You didn't realize that Gore has won the election? A technicality. According to half a dozen political scientists who have honed and polished the art of election forecasting, the die is all but cast. Today, with 165 days left before Americans go to the polls, they are saying Gore will win 53 to 60 percent of the vote cast for him and George W. Bush.
Although Bush's pollster finds fault with these forecasts, these academic prognosticators have a startlingly good record predicting election results months in advance. The fact that opinion polls today give Bush a modest lead over Gore doesn't faze them. Polls this early in the campaign "just have a relatively low correlation with the fall vote," said Thomas Mann of the Brookings Institution, who has written about election forecasting. The forecasters have a better record, Mann added.
"It's not even going to be close," said Michael Lewis-Beck of the University of Iowa, who foresees Gore winning 56.2 percent of the two-party vote. Lewis-Beck's forecasting model is based on growth of the gross domestic product from the fourth quarter of the preelection year through the first quarter of election year, and on poll findings on presidential approval and voter opinions on which party's candidate will best promote peace and prosperity.
Should anyone listen to Lewis-Beck? Well, in 1996 he did miscall the final results. His July forecast that year foresaw President Clinton winning 54.8 percent of the two-party vote in November. In fact, Clinton won 54.7 percent. Yipes. That was a better prediction four months before the election than most commentators and pollsters could make a few days before the voting. Indeed, Lewis-Beck was much closer to the actual result than the national exit poll taken on Election Day as voters left their polling places, which overstated Clinton's vote by more than 3 percentage points.
The leading academic forecasters share the belief that elections reflect, first of all, underlying trends in the economy and public opinion. Each has his own elaborate mathematical model, but they share common ingredients: a measurement of the health of the economy and poll findings on the public's political views. Some leave it at that, some add other factors, such as how Americans are feeling about their personal economic situations (literally better than ever before, at this moment). And different forecasting models use different measurements of the economy and of public opinion, taken at different times from about now through Labor Day.

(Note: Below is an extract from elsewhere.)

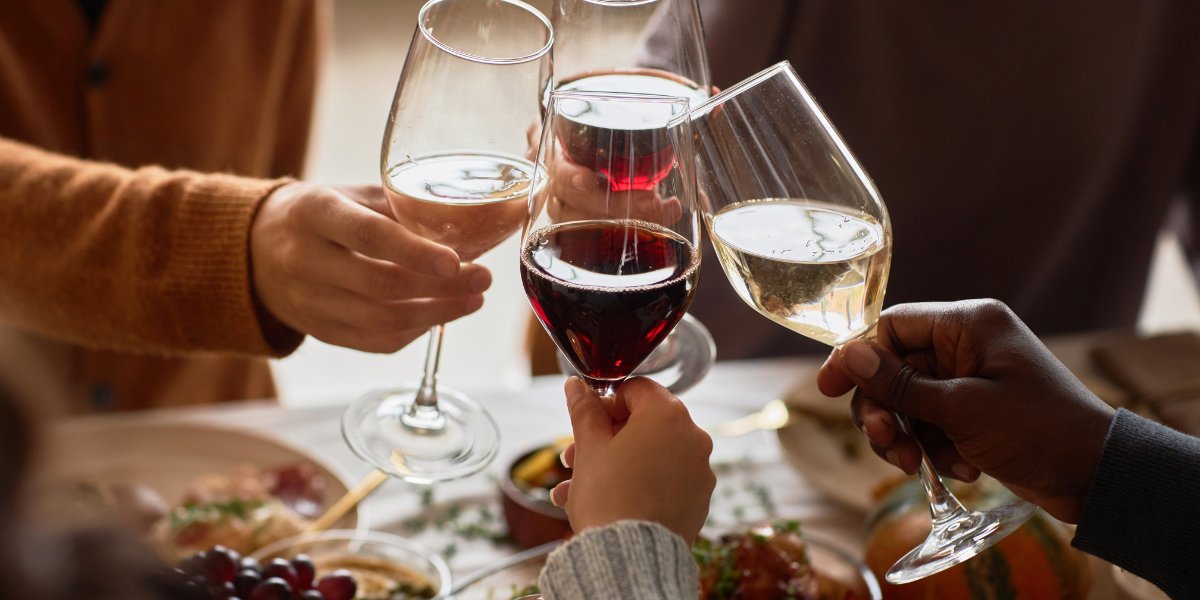 Comunitat Valenciana tweet media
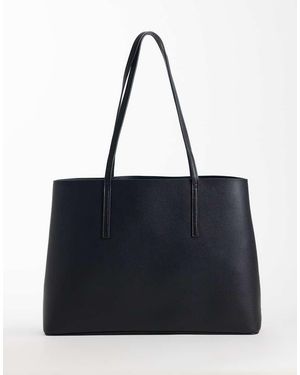 Accessorize Lee - Blauw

All of them use elaborate higher mathematics to come up with predictions of the share of the two-party vote that the candidate of the incumbent party will win in November. (All agree that third-party candidates have no palpable impact on their models, and history bears them out.) Five of the best forecasters (measured by their records) say that as of today, Gore can be expected to win 53 to 60 percent of the two-party vote in November. This means none of the forecasts predicts a really close election. Most of these models have picked the winner correctly in years since 1952 when the winner got 53 percent or more of the vote.

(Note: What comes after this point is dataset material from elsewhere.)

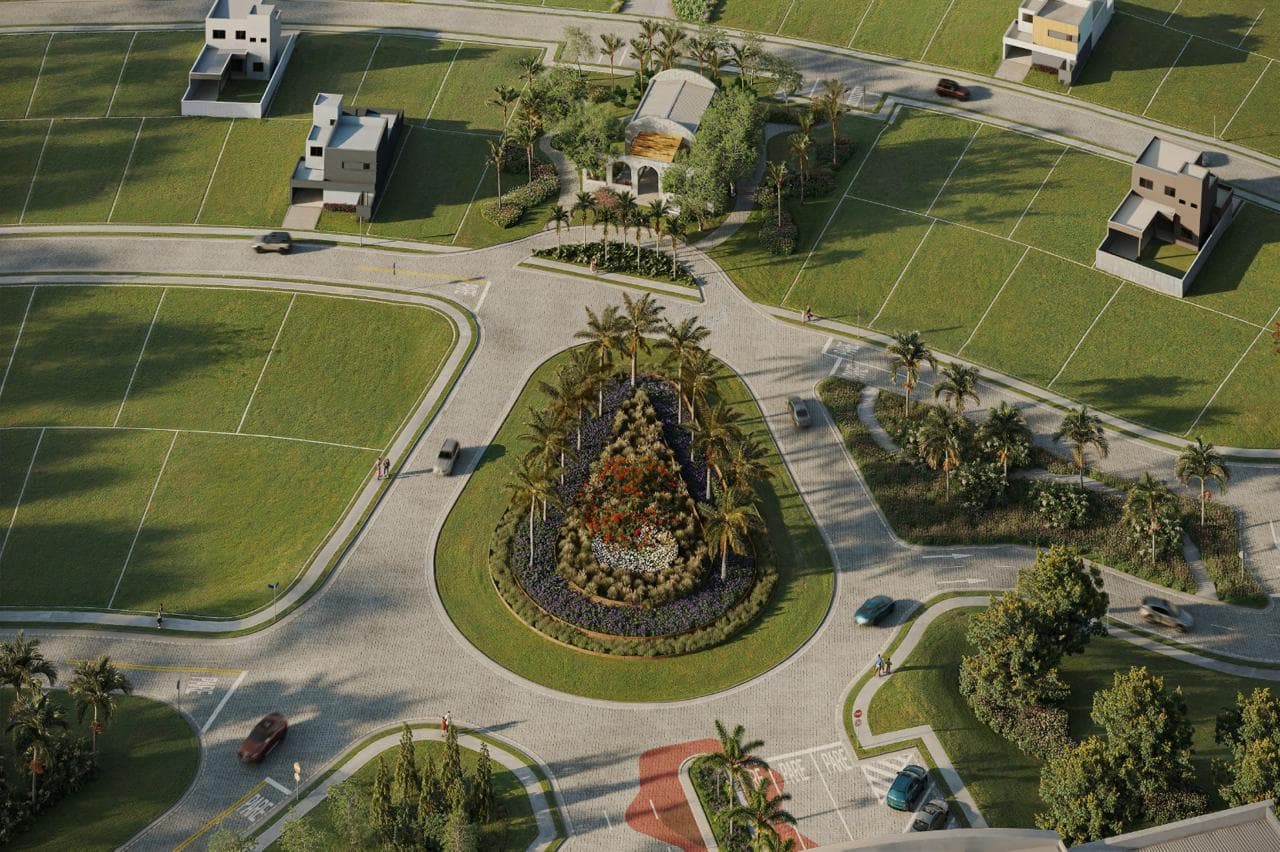 ÁGIO DE SOBRADO DE ESQUINA NO JARDINS GRÉCIA 🏡✨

If these models are right--and in fairness to their cautious authors, none seems ready to bet his pension on his prediction--Gore's biggest advantages are the popularity of the president and the continuing economic boom. Clinton enjoys an approval rating of about 60 percent in polls, a number that has remained constant for many months. This suggests that by November, many Americans may not agree with Bush and the Republicans that it's time for a change in the party holding the White House. While the longest economic expansion of the modern era continues, the status quo retains considerable appeal.
Thomas M. Holbrook, a professor at the University of Wisconsin at Milwaukee, uses as an economic indicator public responses to a question asked regularly by one of America's oldest polls, the University of Michigan's survey of consumers: ". . . Would you say that you . . . are better off or worse off financially than you were a year ago?" Positive answers to this question are literally off the chart.
In 1984, when President Ronald Reagan buried Walter F. Mondale, Holbrook noted in an interview, most Americans answered that question affirmatively. He gave their answers a numerical value of 121, meaning 21 percent more Americans said they were better off than said they were worse off, compared with a year earlier. This was the highest ever in an election year, Holbrook said--until now. In March of this year, the index was 135.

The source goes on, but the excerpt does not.